RNGR:  Revenue = $42M, +20% q/q.  Adjusted EBITDA = $3.2M vs. $4.4M in Q3.   Top line growth driven by well service operations as rig hours jumped 43% q/q to 43,100 with average hourly rig rates moving higher by 5% q/q.  The well service segment generated Adjusted EBITDA margins of 13.3%, but were burdened by $1.3M of reactivation costs.  The Completion Services segment witnessed a q/q revenue contraction to $18.6M from $18.9M due to year-end slowdowns and pricing pressures.  Recall from a prior Permian note, we highlighted Q4 pricing pressures within wireline.   Balance sheet improvement is real.  Total debt now at $24.5M at 12/31/20 vs. $42.2M at 12/31/19.  RNGR continues to call out the need for industry consolidation and higher pricing, stating “….pricing discipline must return to the market and further OFS consolidation needs to occur.  Ranger is committed to participating in both.”   We concur as this is a message we’ve been preaching for far too long.  The competitive landscape within the U.S. well service market is too intense as years of companies selling old rigs has simply fostered new competition while procurement decisions, we submit, are almost entirely based on price vs. safety/quality/reliability.  Using RNGR’s Q4 margins as a proxy for the industry, a mid-teen’s margin for a labor intensive business is simply too low.  Rationalization in the space needs to occur.

SLCA:  Revenue = $227M, +29% q/q.  Adjusted EBITDA = $63.6M vs. $51.3M in Q3. Top line growth driven by a recovery in the Oil & Gas Proppants segment as sand volumes sold totaled 1.901 million tons, a 48% increase vs. the 1.282 million tons sold in Q3.  Contribution margin within the Oil & Gas segment improved to $51.5M vs. $31.5M in Q3.  Revenue within the Industrial segment decreased 3% q/q to $107M as tons sold contracted by 3% q/q as well.   Within Oil &Gas, the company is restarting its Crane and Sparta plants due to improving demand.  Pricing, meanwhile, was down 2% in Q4, but our field checks lead us to believe spot pricing is moving higher.  SLCA does have contracts in place for ~90% of its Oil & Gas sand volumes, thus it’s unclear how much price spikes could benefit them.  Of note, SLCA did call out “surging” proppant demand in January with February impacted by the inclement weather.  Nevertheless, Oil and Gas volumes are guided higher by 15% to 20% q/q.  Contribution margins, normalized, in Q4 was close to $10/ton.  Reactivation costs could cause a modest Q1 contraction, but margins should move higher beyond Q1.  2020 capex totaled $35.4M with 2021 capex budgeted at $30-$40M.  G&A reduced by 18% y/y in 2020 to $124M, but current annualized run rate is $112M, thus if sustained, marks another nice improvement.  Final thought:  SLCA is focusing R&D to new products within the Industrial Segment.  It’s not clear what the impact to these new products will be, although management alluded to some products which could have contribution margins as high as $500/ton.  Not too shabby, if achieved and achieved in scale.  Balance sheet remains the focus for SLCA as total debt stands at $1.24B with cash at $151M.

PDCE:  2021 capex budget = $500M to $600M. vs. $520M in 2020 and Q4’20 annualized at $440M.  The company plans to reinvest less than 60% of adjusted cash flow into capex.  The company intends to use FCF in 2021 towards debt reduction, the initiation of a dividend and stock repurchases.

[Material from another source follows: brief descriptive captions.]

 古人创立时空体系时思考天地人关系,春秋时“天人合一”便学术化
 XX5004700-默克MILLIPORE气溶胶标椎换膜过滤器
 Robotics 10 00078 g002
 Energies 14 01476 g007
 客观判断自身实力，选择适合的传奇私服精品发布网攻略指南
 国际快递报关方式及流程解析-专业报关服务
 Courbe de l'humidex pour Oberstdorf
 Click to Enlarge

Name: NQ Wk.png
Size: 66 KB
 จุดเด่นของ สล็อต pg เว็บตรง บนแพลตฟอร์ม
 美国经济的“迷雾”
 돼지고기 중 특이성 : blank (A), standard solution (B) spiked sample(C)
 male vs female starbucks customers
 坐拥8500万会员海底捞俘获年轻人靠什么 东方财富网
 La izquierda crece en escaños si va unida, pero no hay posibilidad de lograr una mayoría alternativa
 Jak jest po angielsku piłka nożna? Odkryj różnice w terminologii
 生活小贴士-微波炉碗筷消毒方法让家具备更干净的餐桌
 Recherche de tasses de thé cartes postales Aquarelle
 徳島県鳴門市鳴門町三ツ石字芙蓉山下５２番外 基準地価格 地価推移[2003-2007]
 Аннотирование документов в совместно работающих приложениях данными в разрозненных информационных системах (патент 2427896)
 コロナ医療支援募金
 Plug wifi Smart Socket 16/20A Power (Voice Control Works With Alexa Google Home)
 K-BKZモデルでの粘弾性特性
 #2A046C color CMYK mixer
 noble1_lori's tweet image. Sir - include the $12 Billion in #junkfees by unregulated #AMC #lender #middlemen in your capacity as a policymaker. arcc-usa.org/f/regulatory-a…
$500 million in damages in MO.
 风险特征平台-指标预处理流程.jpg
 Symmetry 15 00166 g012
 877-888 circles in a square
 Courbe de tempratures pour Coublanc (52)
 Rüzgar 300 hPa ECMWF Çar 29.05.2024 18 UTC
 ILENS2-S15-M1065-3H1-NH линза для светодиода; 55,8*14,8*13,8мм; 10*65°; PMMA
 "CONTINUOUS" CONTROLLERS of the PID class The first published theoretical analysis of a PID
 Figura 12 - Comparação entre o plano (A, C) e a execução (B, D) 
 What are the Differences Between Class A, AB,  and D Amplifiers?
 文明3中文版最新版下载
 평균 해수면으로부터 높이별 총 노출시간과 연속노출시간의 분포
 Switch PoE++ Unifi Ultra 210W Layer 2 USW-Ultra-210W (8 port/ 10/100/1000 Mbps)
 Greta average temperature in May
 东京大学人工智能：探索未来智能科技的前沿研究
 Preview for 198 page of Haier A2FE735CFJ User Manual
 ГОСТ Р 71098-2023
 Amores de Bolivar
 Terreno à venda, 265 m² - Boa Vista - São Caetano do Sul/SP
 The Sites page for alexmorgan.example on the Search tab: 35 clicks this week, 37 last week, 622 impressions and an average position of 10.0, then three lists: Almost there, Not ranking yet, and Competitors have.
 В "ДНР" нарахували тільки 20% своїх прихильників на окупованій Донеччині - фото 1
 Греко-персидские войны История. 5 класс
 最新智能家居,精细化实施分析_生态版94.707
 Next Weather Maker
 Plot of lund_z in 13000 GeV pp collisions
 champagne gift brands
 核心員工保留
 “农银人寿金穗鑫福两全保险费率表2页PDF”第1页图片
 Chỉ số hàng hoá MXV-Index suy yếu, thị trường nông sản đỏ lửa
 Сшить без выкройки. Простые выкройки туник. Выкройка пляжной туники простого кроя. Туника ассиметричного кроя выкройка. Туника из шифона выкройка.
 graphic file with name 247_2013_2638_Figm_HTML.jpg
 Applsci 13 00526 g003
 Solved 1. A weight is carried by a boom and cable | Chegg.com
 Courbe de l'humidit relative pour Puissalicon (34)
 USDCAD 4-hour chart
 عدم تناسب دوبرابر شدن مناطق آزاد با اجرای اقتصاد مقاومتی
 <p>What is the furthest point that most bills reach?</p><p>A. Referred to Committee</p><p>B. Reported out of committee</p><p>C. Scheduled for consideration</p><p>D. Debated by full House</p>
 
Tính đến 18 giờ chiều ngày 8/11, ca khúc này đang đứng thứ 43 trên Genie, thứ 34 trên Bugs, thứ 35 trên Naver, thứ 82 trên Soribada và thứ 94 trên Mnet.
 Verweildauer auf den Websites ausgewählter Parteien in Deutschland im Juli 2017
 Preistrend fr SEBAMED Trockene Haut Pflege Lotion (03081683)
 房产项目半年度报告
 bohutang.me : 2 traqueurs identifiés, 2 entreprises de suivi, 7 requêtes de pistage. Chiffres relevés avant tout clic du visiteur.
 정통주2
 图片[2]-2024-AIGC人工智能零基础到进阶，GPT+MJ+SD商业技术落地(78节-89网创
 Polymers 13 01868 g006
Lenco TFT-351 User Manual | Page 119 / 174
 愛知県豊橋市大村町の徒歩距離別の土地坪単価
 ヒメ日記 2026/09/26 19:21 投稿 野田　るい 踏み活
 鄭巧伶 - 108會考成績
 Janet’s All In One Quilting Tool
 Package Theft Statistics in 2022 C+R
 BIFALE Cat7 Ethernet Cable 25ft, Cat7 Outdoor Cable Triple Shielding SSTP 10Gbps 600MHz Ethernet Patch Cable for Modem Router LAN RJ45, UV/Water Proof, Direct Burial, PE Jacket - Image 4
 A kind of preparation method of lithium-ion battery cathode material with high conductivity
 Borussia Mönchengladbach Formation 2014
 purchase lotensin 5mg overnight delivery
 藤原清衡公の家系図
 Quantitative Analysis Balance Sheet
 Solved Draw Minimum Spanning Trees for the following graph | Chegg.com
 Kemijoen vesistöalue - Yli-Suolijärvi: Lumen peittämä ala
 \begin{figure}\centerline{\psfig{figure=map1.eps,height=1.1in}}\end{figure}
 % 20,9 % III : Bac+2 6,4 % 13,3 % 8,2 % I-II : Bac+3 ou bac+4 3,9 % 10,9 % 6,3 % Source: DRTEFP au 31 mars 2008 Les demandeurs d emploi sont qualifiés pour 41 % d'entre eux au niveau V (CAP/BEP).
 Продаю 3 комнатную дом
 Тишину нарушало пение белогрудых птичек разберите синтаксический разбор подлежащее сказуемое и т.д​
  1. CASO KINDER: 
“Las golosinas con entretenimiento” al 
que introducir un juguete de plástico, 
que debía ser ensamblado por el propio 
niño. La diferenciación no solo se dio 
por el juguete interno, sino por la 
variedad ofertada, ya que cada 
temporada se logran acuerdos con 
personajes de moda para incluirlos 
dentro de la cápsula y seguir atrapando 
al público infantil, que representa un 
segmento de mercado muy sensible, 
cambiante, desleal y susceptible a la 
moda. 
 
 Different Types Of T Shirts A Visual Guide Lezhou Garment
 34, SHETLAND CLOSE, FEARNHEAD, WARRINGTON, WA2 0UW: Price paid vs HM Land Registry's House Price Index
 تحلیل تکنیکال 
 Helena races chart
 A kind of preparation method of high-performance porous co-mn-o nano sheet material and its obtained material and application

The budget is based on $45 WTI and $2.50 Nymex nat gas.   Operations:  In the Wattenberg, PDCE will run one rig, one frac crew and on intermittent spudder rig.  The company expects to drill 75-85 wells with an average lateral length of 8,900’.  Spud to spud times are expected to average ~5 days.  The company expects to bring 150-175 wells on line with a  n average of 20 stages completed per day.  Also, PDCE will spend $20-$25M to P&A ~350 legacy vertical wells.  Delaware Basin:  PDCE will spend $125M to $150M in the Permian.  Plans are to drill 15-20 wells.  This will require one rig while the completion program is expected to use one frac crew.   Other:  PDCE will spend 60% of the 2021 budget in 1H’21.  The company provided a three-year outlook which calls for $500-$600M in annual capex spend.

CPE: 2021 capex budget = $430M vs. $489M in 2020 and Q4’20 annualized of $350M.  The company is presently running 3 rigs (2 Permian/1 Eagle Ford) and two completion crews (1 Permian/1 Eagle Ford).  CPE generated healthy cash flow in 2H’20 (via operations and asset sales) and reduced debt by nearly $350M.  Balance sheet enhancement remains a core focus for CPE, thus any deviation from the 2021 budget appears unlikely.  The 2021 budget implies a ~75% reinvestment rate at $50 WTI which, if our read of the slide deck is correct, should yield about $200M of FCF in 2021. Other:  The Q4 conference call slide deck highlights a number of ESG improvements.  Also, CPE lays out potential scenarios over the course of the next 2-3 years which highlights the FCF generation capability with capex essentially unchanged from 2021 levels.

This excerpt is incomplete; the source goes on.